EXERCISE DIRECTIONS → Could you repeat the entries below exactly, but only from the line with "Boom beschadigt auto door storm" through the line with "Nest with a", and without any picture?

----- ENTRIES PROVIDED

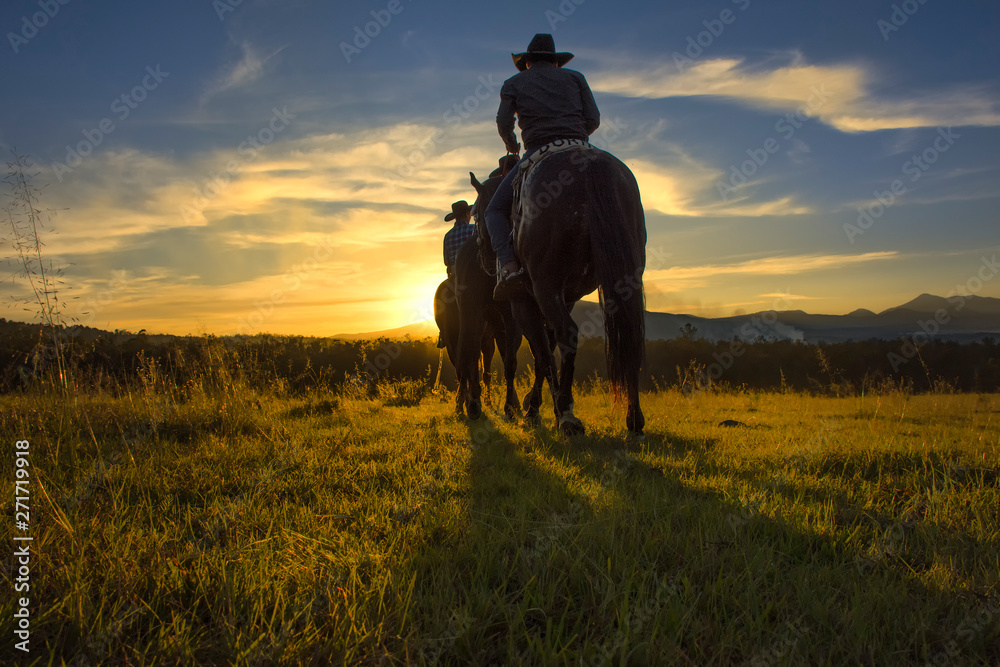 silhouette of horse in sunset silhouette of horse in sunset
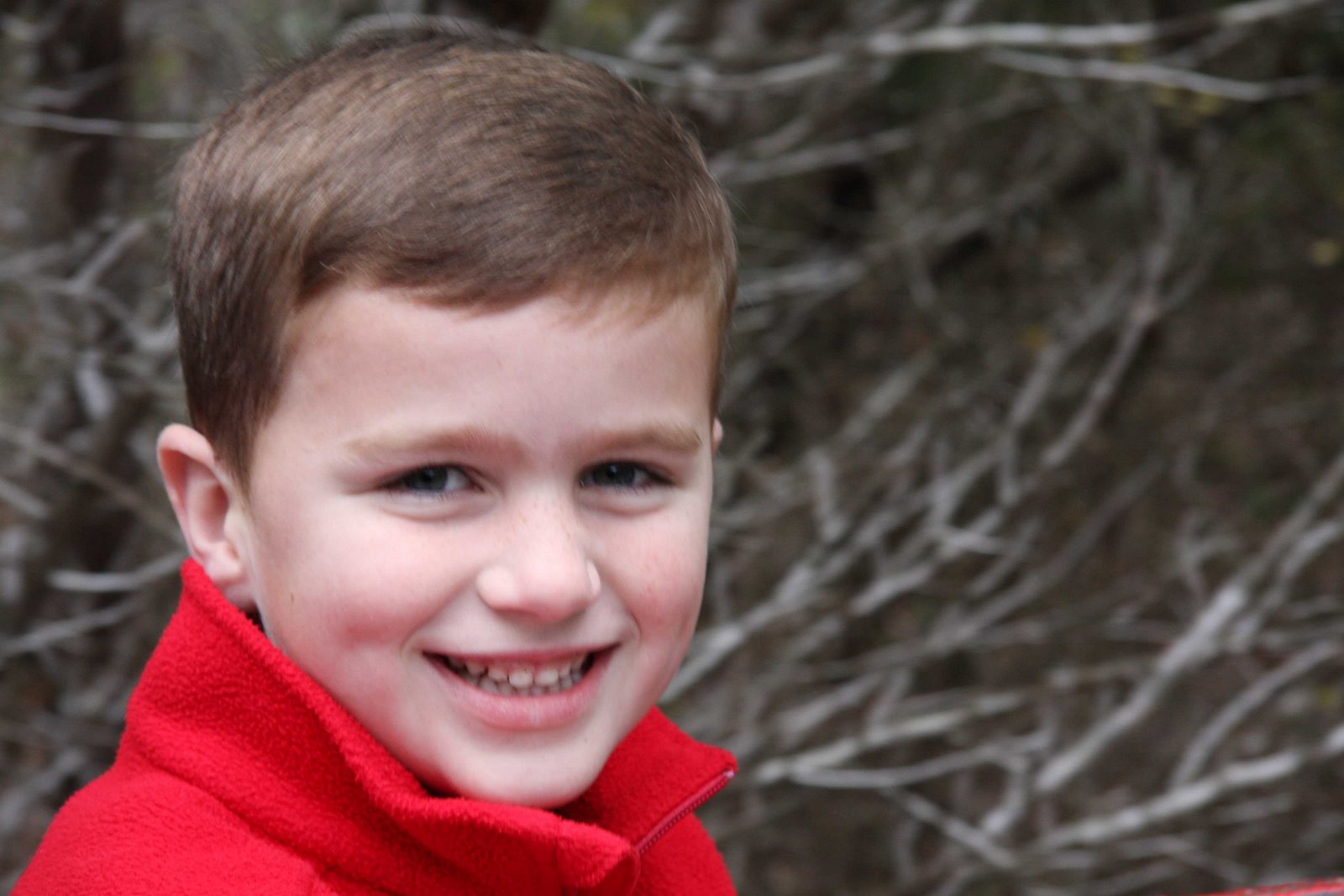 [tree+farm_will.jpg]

----------
----- ENTRIES PROVIDED

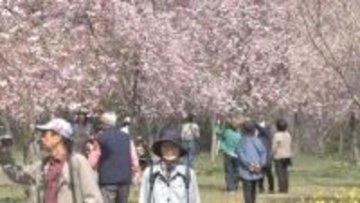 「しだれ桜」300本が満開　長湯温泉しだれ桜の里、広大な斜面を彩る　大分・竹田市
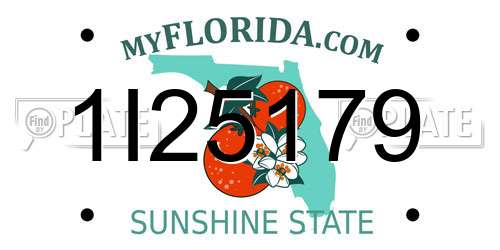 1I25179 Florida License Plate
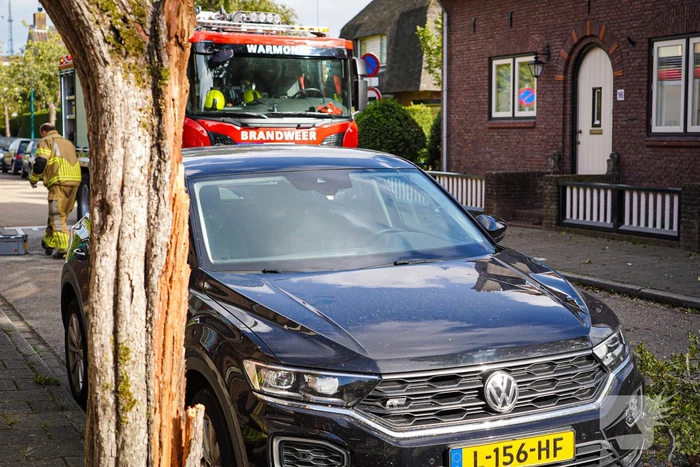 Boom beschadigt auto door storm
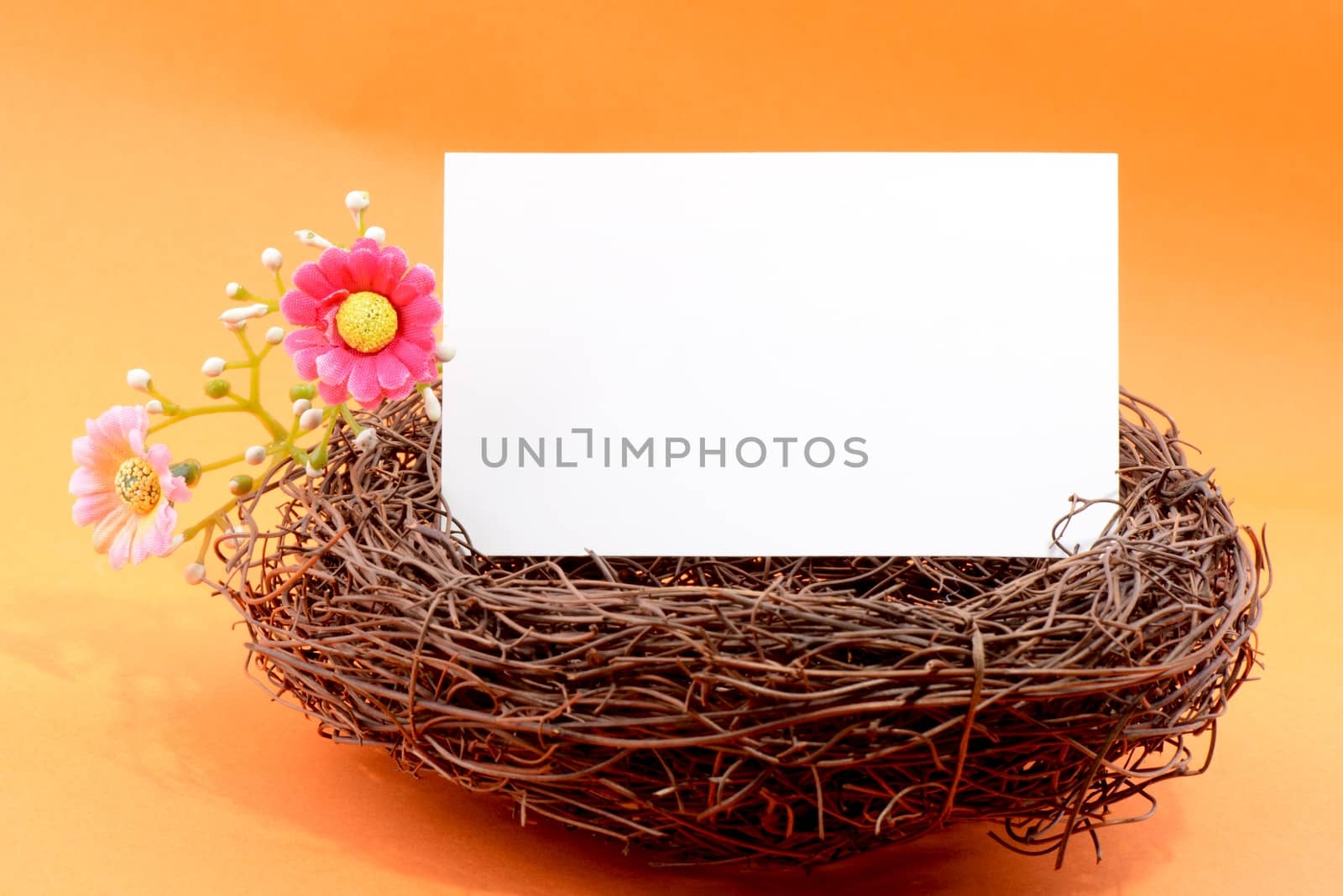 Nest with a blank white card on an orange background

----------

SOLUTION TO THIS PROBLEM →
 Boom beschadigt auto door storm
 Nest with a blank white card on an orange background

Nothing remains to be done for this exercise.